Plugin Results Format

Initial stage

Currently only Python 3.7 code is supported, so this will be the first thing to get installed on your local workstation. Then download this requirements.txt file so you have the correct libraries and their version available. Install using pip install -r requirements.txt.

A plugin receives an input manifest as first command line argument, and the output file path via the second arguments. A report plugin run would look like this:

python main.py manifest.json results.json

A basic python plugin would look like this:

import sys
import json
with open(sys.argv[1]) as data_file:
manifest = json.load(data_file)
output = {
"data": {
"greeting": "Hello",
"name": "world"
},
"status": {
"code": "success",
"title": None,
"explanation": None,
"backtrace": None
},
"js": "return {greetWith: results.data.greeting}",
"jsx": '''
<Insight>
{ results.helpers.renderHello(data.greetWith, results.data.name) }
</Insight>
''',
"helper": '''
class {
constructor(results) {
}
renderHello(greeting, name) {
return <p>{greeting} {name}!</p>;
}
}
'''
}
f = open(sys.argv[2], 'w')
f.write(json.dumps(output))

It's important to note that the output JSON should always be written to argv[2]; in production this location will be writeable. In general, any files during your plugin run should written to the current path, thus no absolute or other paths, because they will not exist or not be writeable when your plugin runs on the platform in production.

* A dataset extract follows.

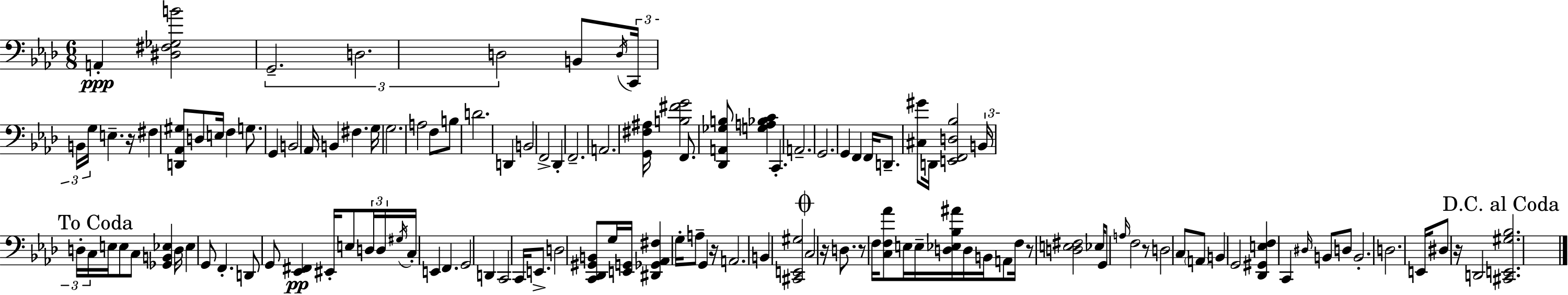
A2/q [D#3,F#3,Gb3,B4]/h G2/h. D3/h. D3/h B2/e D3/s C2/s B2/s G3/s E3/q. R/s F#3/q [D2,Ab2,G#3]/e D3/e E3/s F3/q G3/e. G2/q B2/h Ab2/s B2/q F#3/q. G3/s G3/h. A3/h F3/e B3/e D4/h. D2/q B2/h F2/h Db2/q F2/h. A2/h. [G2,F#3,A#3]/s [B3,F#4,G4]/h F2/e. [Db2,A2,Gb3,B3]/e [G3,A3,Bb3,C4]/q C2/q. A2/h. G2/h. G2/q F2/q F2/s D2/e. [C#3,G#4]/e D2/s [E2,F2,D3,Bb3]/h B2/s D3/s C3/s E3/s E3/e C3/e [Gb2,B2,Eb3]/q D3/s Eb3/q G2/e F2/q. D2/e G2/e [Eb2,F#2]/q EIS2/s E3/e D3/s D3/s G#3/s C3/s E2/q F2/q. G2/h D2/q C2/h C2/s E2/e. D3/h [C2,Db2,G#2,B2]/e G3/s [E2,G2]/s [D#2,Gb2,Ab2,F#3]/q G3/s A3/e G2/q R/s A2/h. B2/q [C#2,E2,G#3]/h C3/h R/s D3/e. R/e F3/s [C3,F3,Ab4]/e E3/s E3/s [D3,Eb3,Bb3,A#4]/s D3/s B2/s A2/e F3/s R/e [D3,E3,F#3]/h Eb3/s G2/e A3/s F3/h R/e D3/h C3/e A2/e B2/q G2/h [Db2,G#2,E3,F3]/q C2/q D#3/s B2/e D3/e B2/h. D3/h. E2/s D#3/e R/s D2/h [C#2,E2,G#3,Bb3]/h.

First we read the JSON manifest file. Then we construct a basic JSON plugin results object, shown in the output variable in the example above. The data key can contain anything you like and will be available as-in in the context of the js, jsx and helper keys.

A plugin has different JavaScript contexts to use code within, each defined by their respective keys as a string in the plugin JSON result object. When a plugin runs as stand-alone, it first evaluates the js context and then jsx to display the visualizations — each of which can call any optionally defined helpers:

  1. js — here we have access to a global results variable; an object containing the plugin results. This results object contains two properties: data which is whatever data was returned from Python in the output JSON and helpers is a helper class that can be optionally outputted in the output JSON.
    The object returned in js will be available in the jsx context as the data variable. Normally the js property will not be used; instead it's best to use the helper instead because that will allows for better re-use of any helper code. If used, it's important that the JS code has code at the end of the file, and not comments. See the third item below.

  2. jsx — here we render any JSX components/tags to visualize our plugin. For a full overview of JSX components and API functions see the see the API library. Here we have access to the same global results variable. In addition we also have access to a variable called data, which contains whatever was returned from the js code. In most cases js should not be used, and there is thus no returned data available. Instead we use the helper class instead, as this will allow for easier code re-use, especially when this plugin is available to third-parties.

  3. helper — this is the main glue of the plugin, and defines functions that can be re-used in the jsx or js code parts. Within the helper code, you can access this to call another helper function. All helpers are also pre-initialized with this.results, which gives you access to the plugin results object. The helper functions can also be documented with a JSON format, making them available to third-parties where they can be re-used in the Insight API, with fully ready to use code examples. See the Plugin Helpers documentation for more details.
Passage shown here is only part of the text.